In 2014, Trumka delivered a gutsy speech to the Missouri AFL-CIO taking racism head-on. It included a memorable line ― “our brother killed our sister’s son” ― a reference to Darren Wilson, the police officer who was not charged in Michael Brown’s death, and Brown’s mother, Lezley McSpadden, a grocery store worker and member of the United Food and Commercial Workers union. “If we in the labor movement truly want to act as a positive force for change around issues of racism and classism we have to acknowledge our own shortcomings,” Trumka said.
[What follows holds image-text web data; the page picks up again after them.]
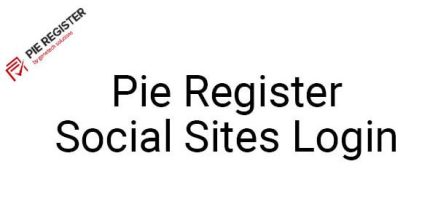 Pie Register Social Sites Login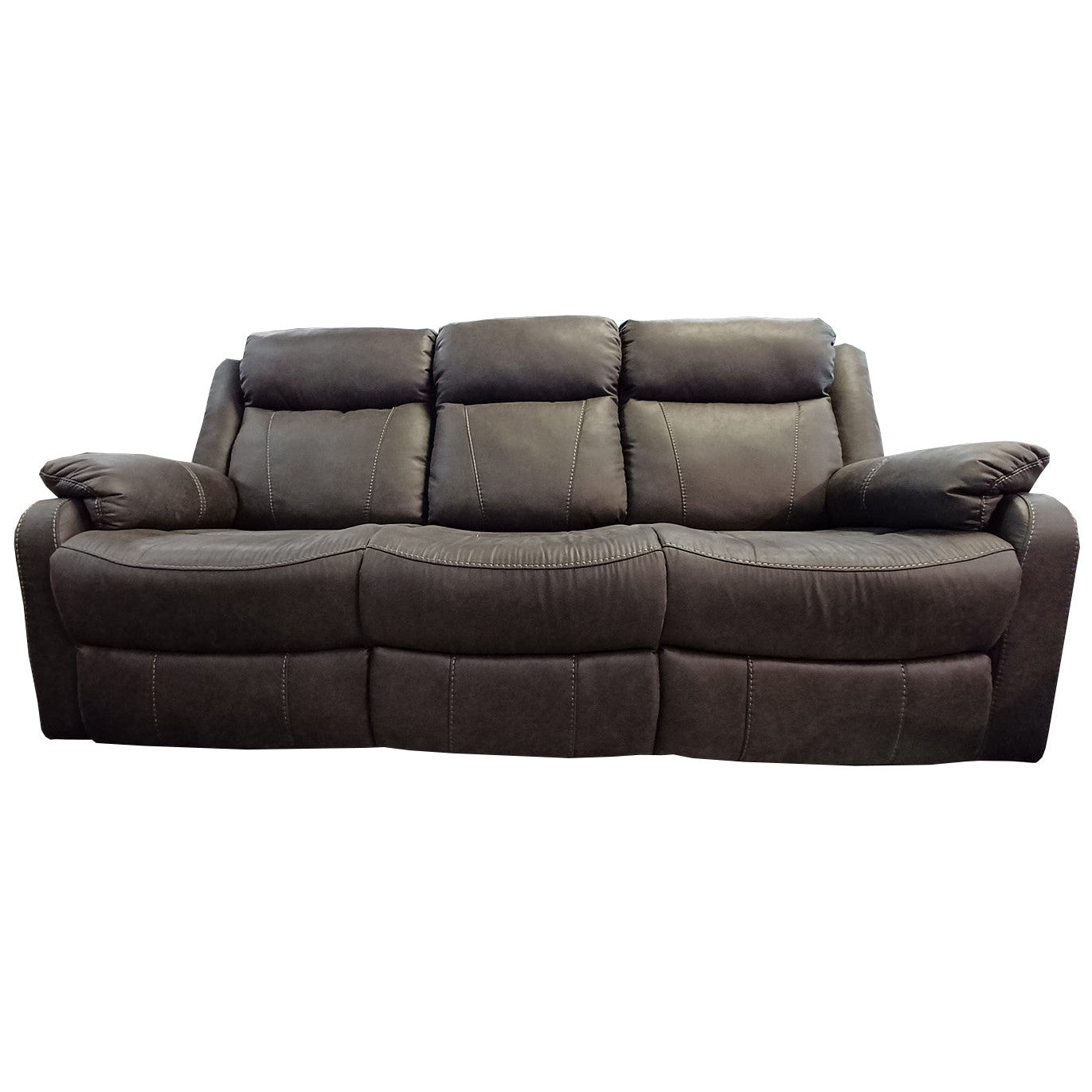 Joel 3 Seater Reclining Sofa with Table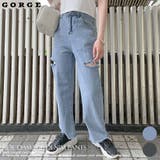 サイドダメージデニムパンツ | GORGE | 詳細画像1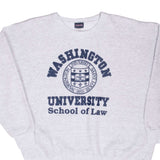 Vintage University Of Washington Law School Sweatshirt 1990S Size 2XL Made In USA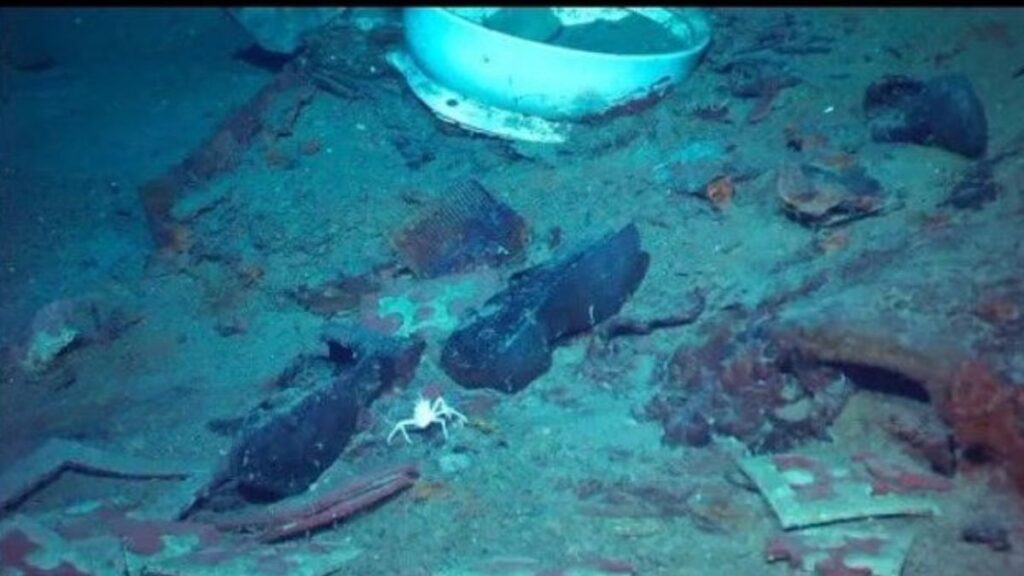 Submarino Titan: restos de tripulación.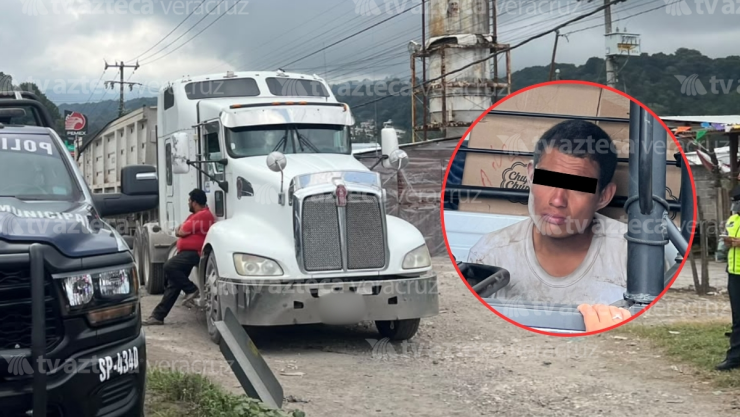 Robo de tractocamión en Las Vigas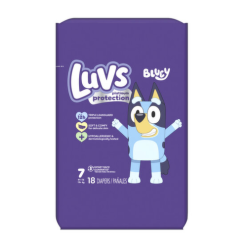 Luvs Platinum Diapers #7 18ct-wholesale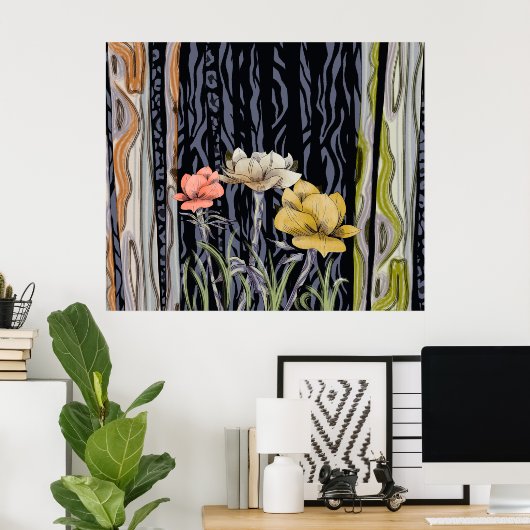 Abstract poster voor baanbrekende  (Thuiskantoor)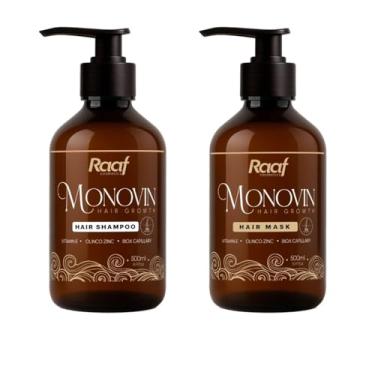 Imagem de Kit Shampoo + Máscara Antiqueda Fortalecedor Capilar Monovin Raaf Cosmetics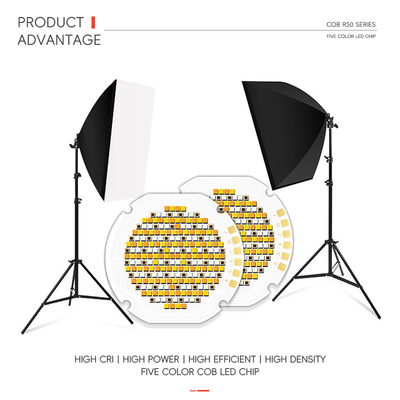 R50 SERIES พลังงานสูง สีห้า COB LED ชิป 300W / 700W สีอุ่น ขาวแดง เขียว น้ําเงิน RGB UV IR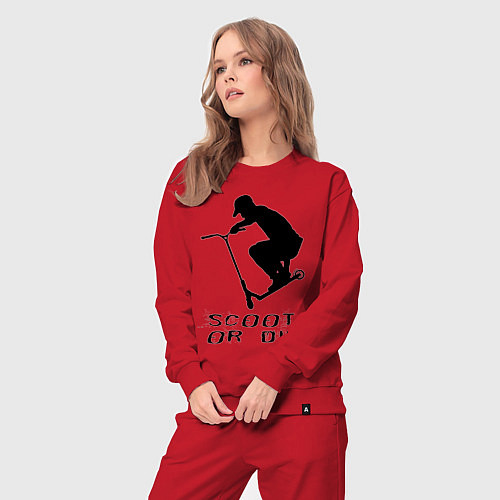 Женский костюм Самокат фристайл трюк экстрим / Красный – фото 3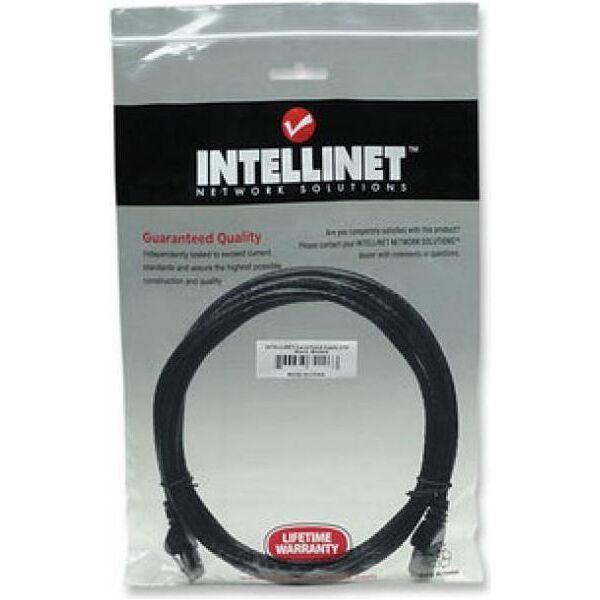 Intellinet Network Solutions Intellinet patch cord RJ45 kat. 6 UTP 5m Czarny (343350) 655441 766623343350
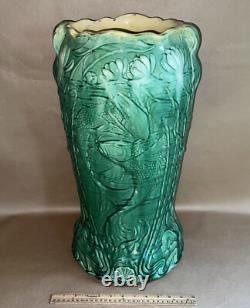 Roseville Pottery American Arts & Crafts Koi Fish Umbrella Stand Rare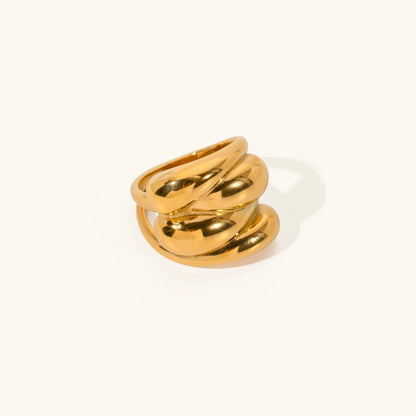 [Raffine]Sona Gold Ring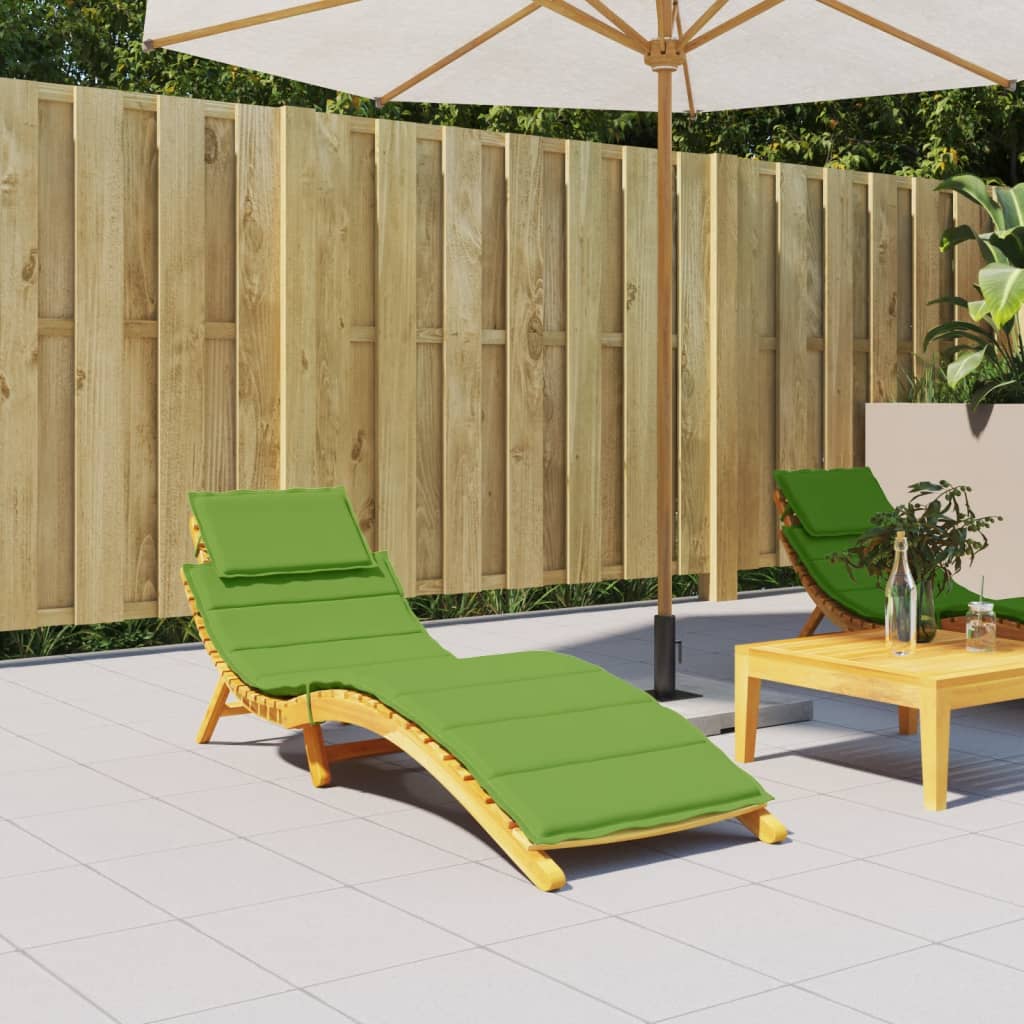 Vidaxl ligbedkussen 186x58x4 cm stof gemêleerd groen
The speech was not what attendees were expecting from a burly, mustachioed white guy who came up through the United Mine Workers of America, said Amaya Smith, who worked at the AFL-CIO for nearly a decade, including as an adviser to Trumka. She now co-owns the Brown Beauty Co-Op, a D.C. beauty boutique devoted to women of color. Smith remembers complete silence ― and palpable awkwardness ― as Trumka spoke. She said she will always respect him for “delivering hard truths to people who needed to hear it.”
“When I was at the AFL-CIO, I was wildly optimistic we could be the place to have this really difficult conversation about what that means to work together to solve these problems,” Smith said.
But she never saw the serious discussion about law enforcement unions that she believes needs to happen. Still, even she is not sold on the idea of expelling the IUPA.
“Can you use their membership for accountability?” she wondered. “I don’t think they’d be receptive to the message, but I’m not sure folks have tried to have that internal conversation. … The AFL-CIO could use its platform.”
The anger over police brutality arrived at the AFL-CIO’s front door this week, quite literally. A crowd vandalized its Washington headquarters near the White House during protests on May 31, smashing windows to the lobby and defacing the building with phrases like “fuck the law” and “we matter.” The federation condemned the violence, calling it “disgraceful,” but supported peaceful protesters’ message, with Trumka reiterating support for the Black Lives Matter movement.
It’s not easy to know the intentions of the vandals, and whether there was any more significance to the AFL-CIO being damaged than a nearby tea shop. But Berkley thought at least one person with a can of spray paint had made a deliberate target of the building. The photos from that night aren’t entirely clear, and the building has since been boarded up and decorated with “AFL-CIO supports Black Lives Matter” signs. But one tag appeared to say: “Those who remain silent are part of the problem.”